### EXERCISE DIRECTIONS
Print all the records below exactly as they stand, but leave out the pictures.

### SUPPLIED RECORDS
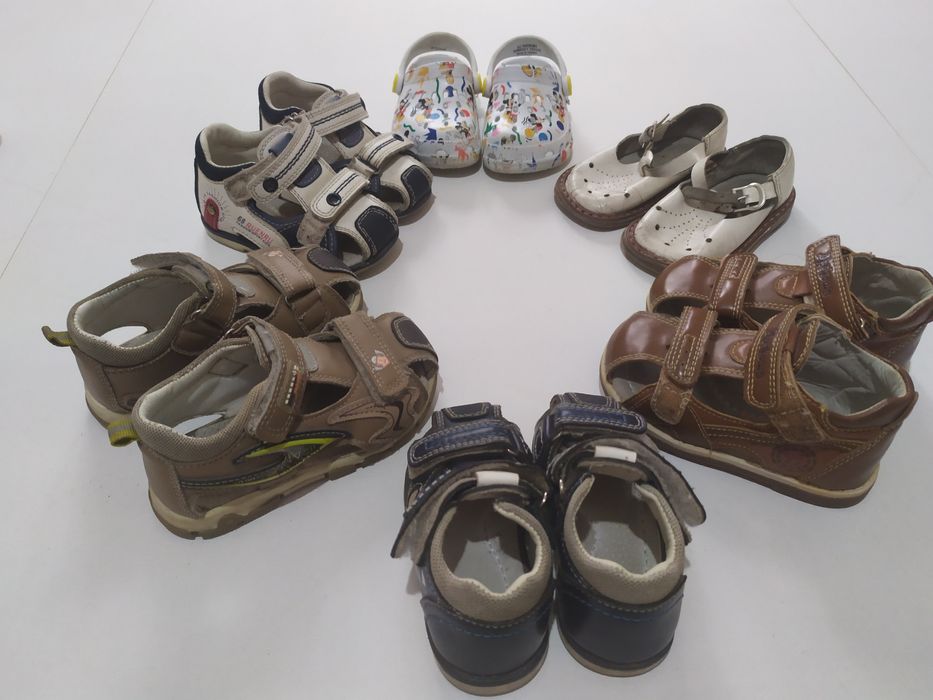 Продам детские сандалии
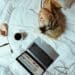 jeune sur lit sommeil pas sortir parce que jai la flemme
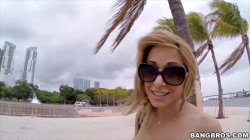 'World Of BangBros: Big Tits Vol. 4' screenshot nº 1
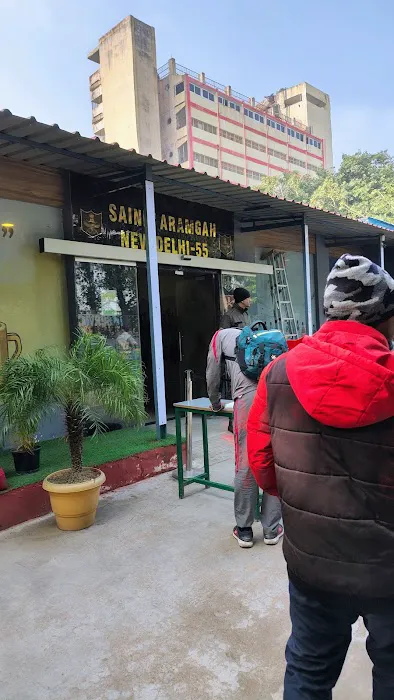 Sainik aramgah New delhi 55 - 8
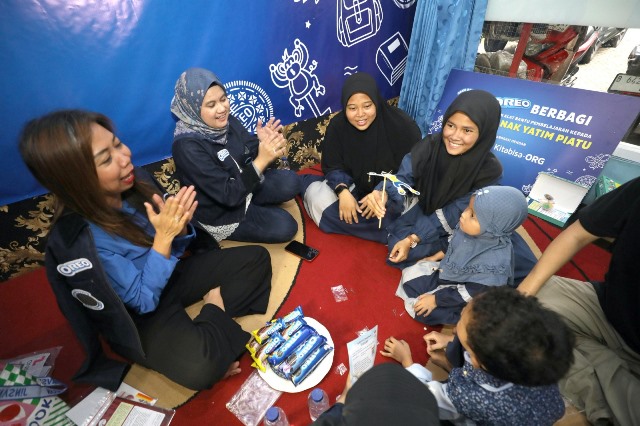 Keseruan Program Oreo Berbagi Serunya Berilmu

### REPLY
 Продам детские сандалии
 jeune sur lit sommeil pas sortir parce que jai la flemme
 'World Of BangBros: Big Tits Vol. 4' screenshot nº 1
 Sainik aramgah New delhi 55 - 8
 Keseruan Program Oreo Berbagi Serunya Berilmu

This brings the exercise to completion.